On Wed, May 31 2023, Anthony Krowiak <akrowiak@linux.ibm.com> wrote:
On 5/30/23 8:56 PM, Matthew Rosato wrote:
On 5/30/23 6:55 PM, Tony Krowiak wrote:
Signed-off-by: Tony Krowiak <akrowiak@linux.ibm.com>
---
linux-headers/linux/vfio.h | 9 +++++++++
1 file changed, 9 insertions(+)
Worth nothing here that linux-headers patches should be generated using
scripts/update-linux-headers.sh.
Since this linux-headers update includes changes that aren't merged into the
kernel yet, I would still use update-linux-headers.sh -- but also include in
the commit message that this is a placeholder patch that includes unmerged uapi
changes. Then once the kernel changes merge you can just have a proper
linux-headers update patch in a subsequent qemu series.

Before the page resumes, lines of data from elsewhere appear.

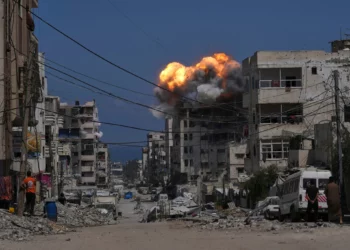 Jefe FDI propone ampliar el control sobre Gaza como alternativa a “ciudad humanitaria”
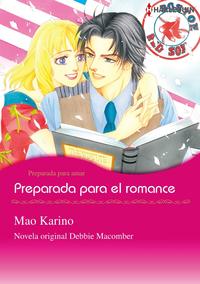 Preparada para el romance (Harlequin Comics)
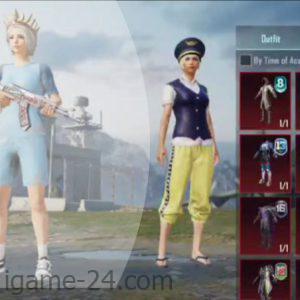 PUBG MOBILE LEVEL73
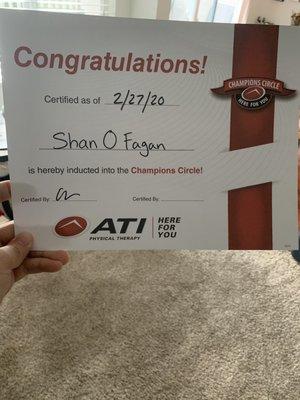 ATI Physical Therapy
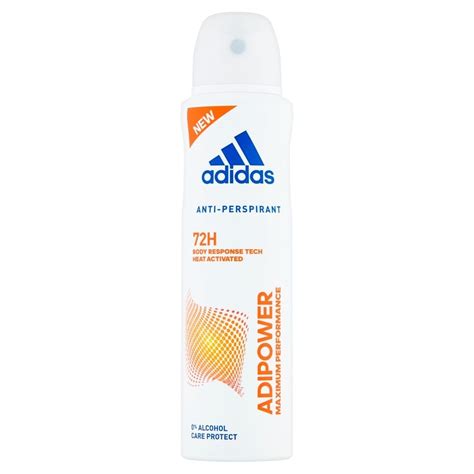 Adidas Adipower Dezodorant Antyperspiracyjny W Sprayu Dla Kobiet Ml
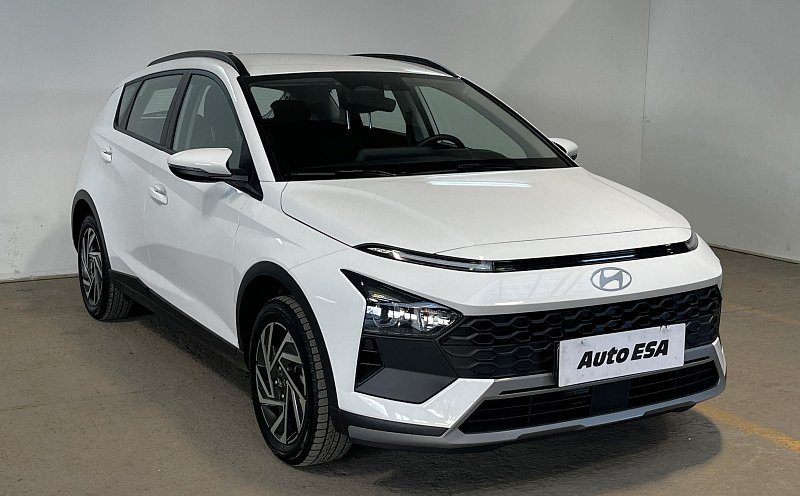 Hyundai Bayon 1.2i 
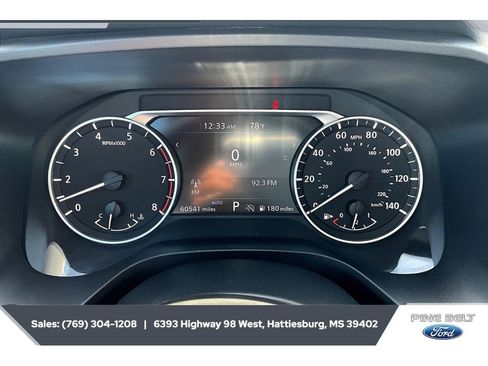 Used 2024 Nissan Rogue S AWD/4WD image 14
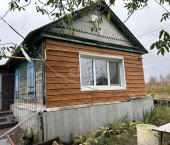 коттедж 48.3 кв м Солнечная улица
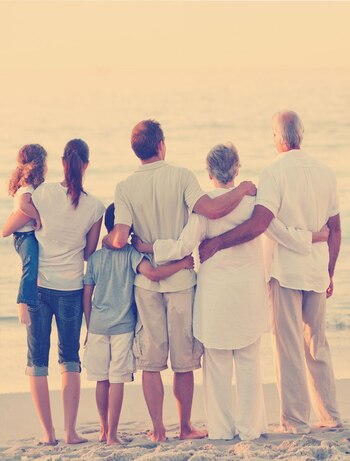 La psicología transgeneracional estudia los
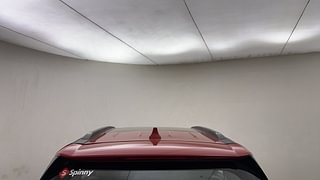 Used 2022 Mahindra XUV700 AX 5 Petrol MT 7 STR Petrol Manual exterior EXTERIOR ROOF VIEW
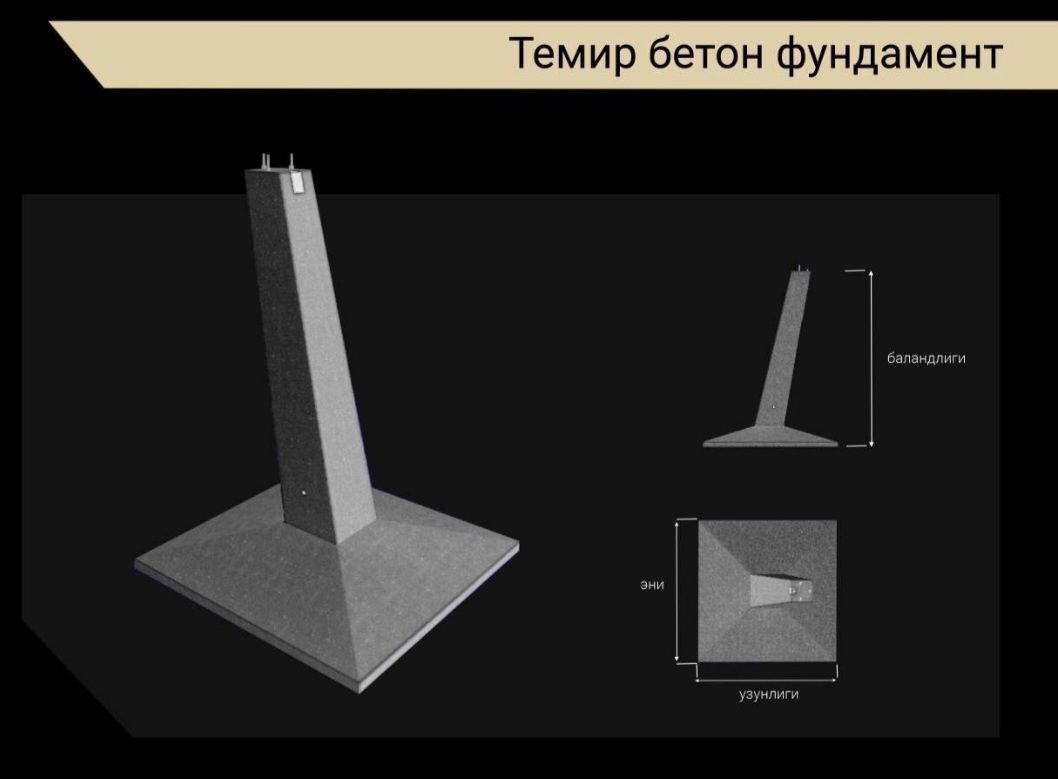 Fundamed ,Ф5-АМ,бетон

I guess I do not understand the procedure here. I first determined the
latest kernel release in which the vfio.h file was updated with the
following command:
git log --oneline origin/master -- linux-headers/linux/vfio.h
According to the git log, the vfio.h file was last updated in kernel
v6.3-rc5. I cloned that kernel from
git.kernel.org/pub/scm/linux/kernel/git/stable and checked out kernel
6.3-rc5. I then made the changes to the linux-headers/linux/vfio.h file
and ran the update-linux-headers.sh script and created this patch from
that. Where did I go wrong?
I think your procedure is fine for changes that are local to a single
header file. The one thing I'd recommend is to put an explicit "dummy
patch, to be replaced by a proper headers update" note into the patch,
so that it doesn't get merged by accident.
(For complex changes, headers update + explicit note might be better,
but the simple approach works in most cases.)